If a Blog has 4 Posts, the following query will return redundant data for the Blog:

select b.*, p.*
from dbo.Blogs b
left join dbo.Posts p on p.BlogId = b.Id;

The more data is loaded, using one-to-many relations, the more the amount of duplicate data starts to grow. In Entity Framework this quickly gets a problem when using Include and ThenInclude to join related entities with a LINQ query…

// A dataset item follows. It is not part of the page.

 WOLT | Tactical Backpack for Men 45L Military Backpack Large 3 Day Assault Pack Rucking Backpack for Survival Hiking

var posts = await DbContext.Blogs
    .Include(p => p.Posts)
    .Include(p => p.Contributors)
    .Where(p => p.Id == BlogId)
    .ToListAsync();

Now, if we include Contributorsfor Blogs the query will return 12 rows and even more duplicate data.

The columns of the Blog and Post are returned multiple times. The goal would be to narrow it down to 3 + 4 = 7 rows instead of 3 * 4 = 12 rows. If we add more Includes the result set (the cartesian product) explodes.

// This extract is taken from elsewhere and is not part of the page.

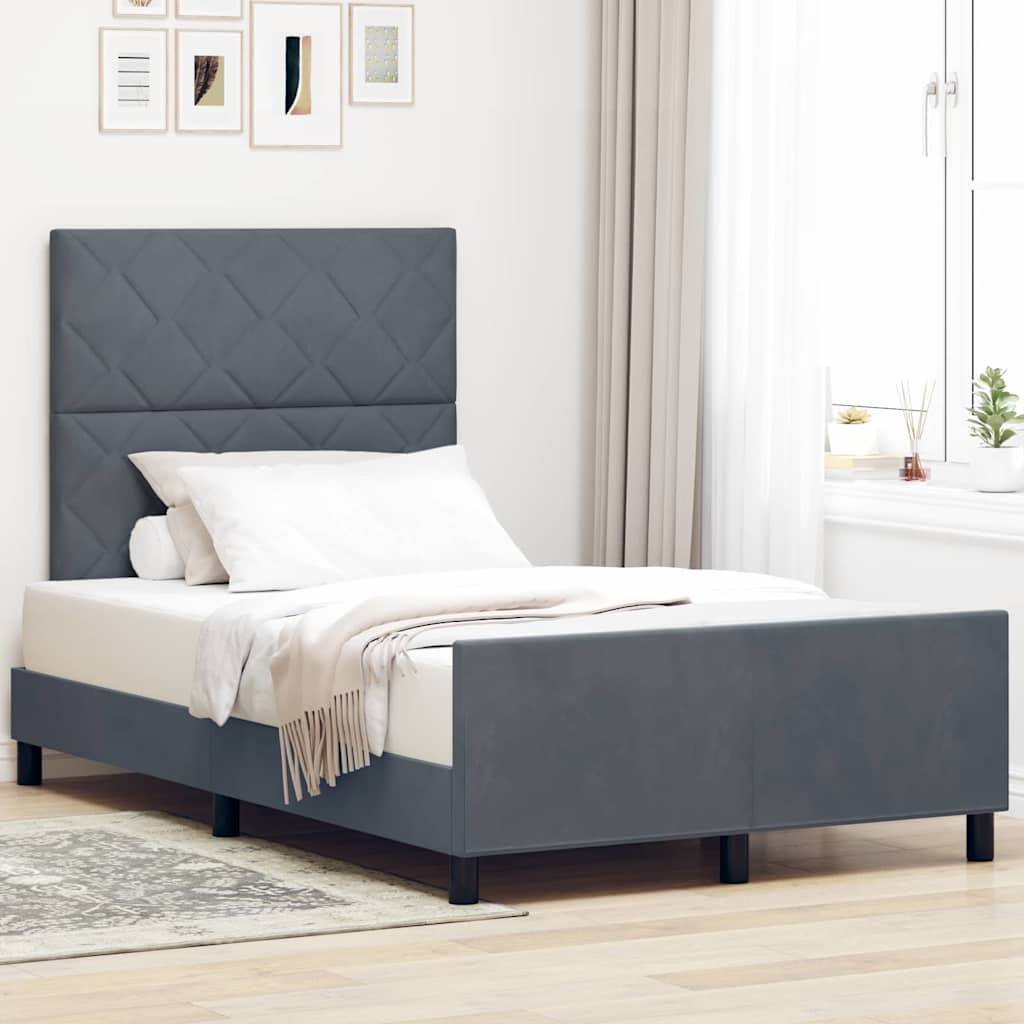 Boxspringbett mit Kopfteil Dunkelgrau 120 x 190 cm Samt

The explosion happens only íf the relations are on the same level. If, for example,Contributorsare part of Posts the explosion only happens for thePosts.

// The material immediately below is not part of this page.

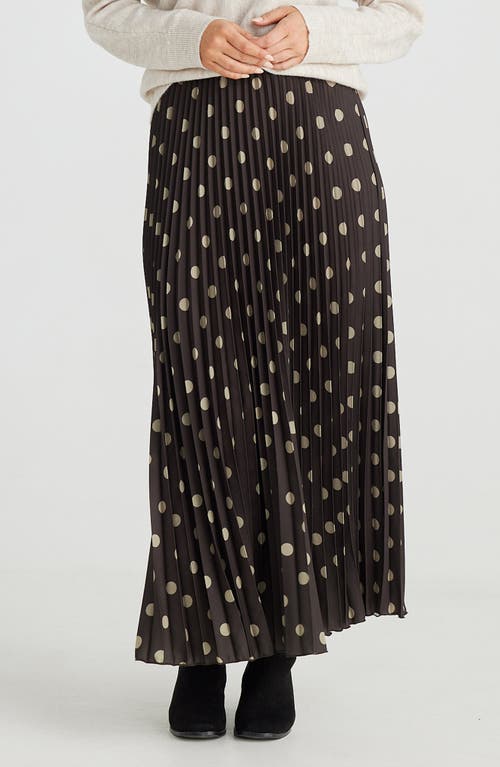 BRAVE + TRUE BRAVE+TRUE ALIAS POLKA DOT PLEATED MAXI SKIRT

But it can get even worse….

The performance problem adds up, because EF internally appends an order byand this causes further performance problems on such large amounts of data. The following SQL statement is generated by EF:

SELECT *
FROM [Blogs] AS [b]
LEFT JOIN [Posts] AS [p] ON [b].[Id] = [p].[BlogId]
LEFT JOIN [Contributors] AS [c] ON [b].[Id] = [c].[BlogId]
ORDER BY [b].[Id], [p].[PostId]

This leads to serious performance issues. There are several approaches to prevent this problemes.

Prevent Data Duplication

If the Blogs table has a big column like long texts or binary data it is returned multiple times. When querying data one should always lay focus on the minimum of data needed.

Simply said: „If you don’t need columns don’t query for it.“

Separate the queries

One solution is to load the data in separate queries. You can load the related entities manually by using Load()

var books = await DbContext.Blogs
    .Where(p => p.Id == BlogId)
    .ToListAsync();

DbContext.Posts.Where(p => p.Id == bookId).Load();
DbContext.Contributors.Where(p => p.Id == bookId).Load();

Using Split Query

Entity Framework allows you to specify that a query can be split in multiple SQL statements, using. AsSplitQuery() for a single LINQ query

var posts = await DbContext.Blogs
    .Include(p => p.Posts)
    .Include(p => p.Contributors)
    .Where(p => p.Id == BlogId)
    .AsSplitQuery()
    .ToListAsync();

or to enable Split Query globally as shown below

protected override void OnConfiguring(DbContextOptionsBuilder optionsBuilder)
{
    optionsBuilder
        .UseSqlServer(
            @"Server=(localdb)\mssqllocaldb;Database=EFQuerying;Trusted_Connection=True",
           o => o.UseQuerySplittingBehavior(QuerySplittingBehavior.SplitQuery));
}

When split queries are configured as the default, it’s still possible to configure specific queries to execute as single queries:

using (var context = new SplitQueriesBloggingContext())
{
    var blogs = context.Blogs
        .Include(blog => blog.Posts)
        .AsSingleQuery()
        .ToList();
}

Using split query the query of above results in the following three SQL statements

SELECT [b].[Id], [b].[Rating], [b].[Url]
FROM [Blogs] AS [b]
ORDER BY [b].[Id]

SELECT [p].[PostId], [p].[BlogId], [p].[Content], [p].[Title], [b].[Id]
FROM [Blogs] AS [b]
INNER JOIN [Posts] AS [p] ON [b].[Id] = [p].[BlogId]
ORDER BY [b].[Id]

SELECT [c].[ContributorId], [c].[BlogId], [c].[Title], [b].[Id]
FROM [Blogs] AS [b]
INNER JOIN [Contributors] AS [c] ON [b].[Id] = [c].[BlogId]
ORDER BY [b].[Id]

In conclusion, split queries are great and do avoid the Cartesian Explosion. Next to all the performance improvments, splitting the query can result in negative side effects.